The Port of Tacoma reminded truckers Thursday of rules that could ease traffic gridlock on the Tideflats caused by a six-week-long container-handling slowdown.
Trucks lining up along the port’s major arterials waiting for access to the port’s container terminals has drawn an ever-louder chorus of complaints from Tideflats businesses in recent weeks. Those businesses said the waiting trucks were blocking driveways and intersections and restricting access to their plants and warehouses.
Port of Tacoma spokeswoman Tara Mattina said the port heard those complaints. Working with local law enfocement agencies, the port published a new set of rules earlier this fall for trucks queuing up in the early morning hours for access to the port’s terminals. The port, in a message on its website Thursday, issued a reminder for truckers to comply with those rules.
Trucks move shipping containers to and from the port. Drivers have begun lining up before dawn to ensure that they get first access to the terminals when the gates open.
Container movements at the port and 28 others on the West Coast has dropped dramatically since Oct. 31 when the International Longshore Workers Union and the Pacific Maritime Association, concluded an unsuccessful bargaining session. The ILWU and the PMA, which represents terminal operators and shipping companies along the West Coast have been meeting since May to try to hammer out a new long-term labor contract.
The existing contract expired July 1. Under an informal agreement, longshore workers continued to handle cargoes under the terms of the old contract until Halloween, when the work slowed by as much as 60 percent. The union blamed the slowdown on mismanagement and chassis shortage. The PMA said the union deliberately was cutting the production pace.

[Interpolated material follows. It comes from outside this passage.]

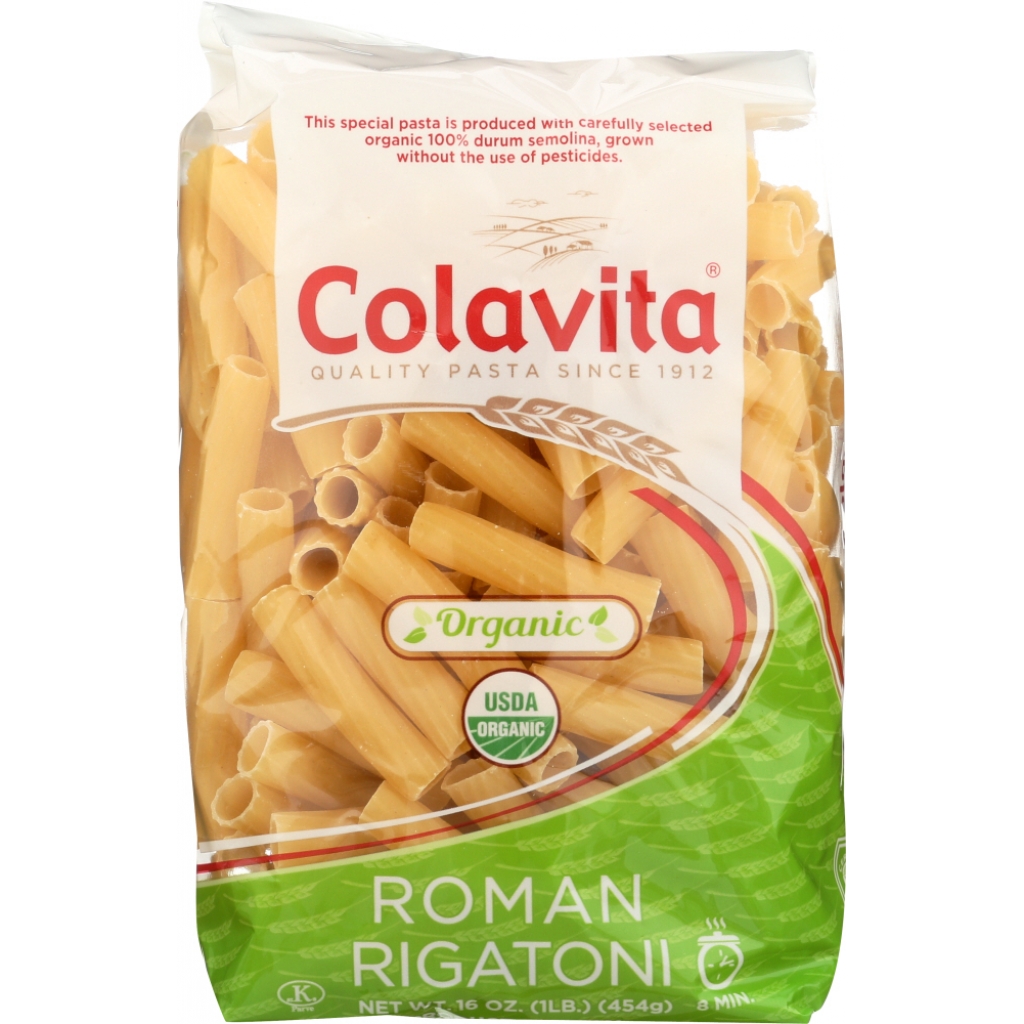 Organic Roman Rigatoni Pasta from Italy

The two sides have met this week seeking to reach a new deal, but thus far haven’t announced any resolution to the issue. A union caucus next week in San Francisco may allow ILWU national leaders to broach new solutions to local leaders attending the meeting.
Meanwhile, farmers, merchants, port leaders and manufacturers have all urged the two sides to reach a resolution and have asked President Barack Obama to appoint a federal mediator to get the talks moving.
Merchants have complained their imported goods from overseas are marooned on the docks during the holiday buying season. Farmers have said their perishable apples, potatoes and Christmas trees are spoiling waiting for transport, and manufacturers say they’re running short of vital parts made in Asia.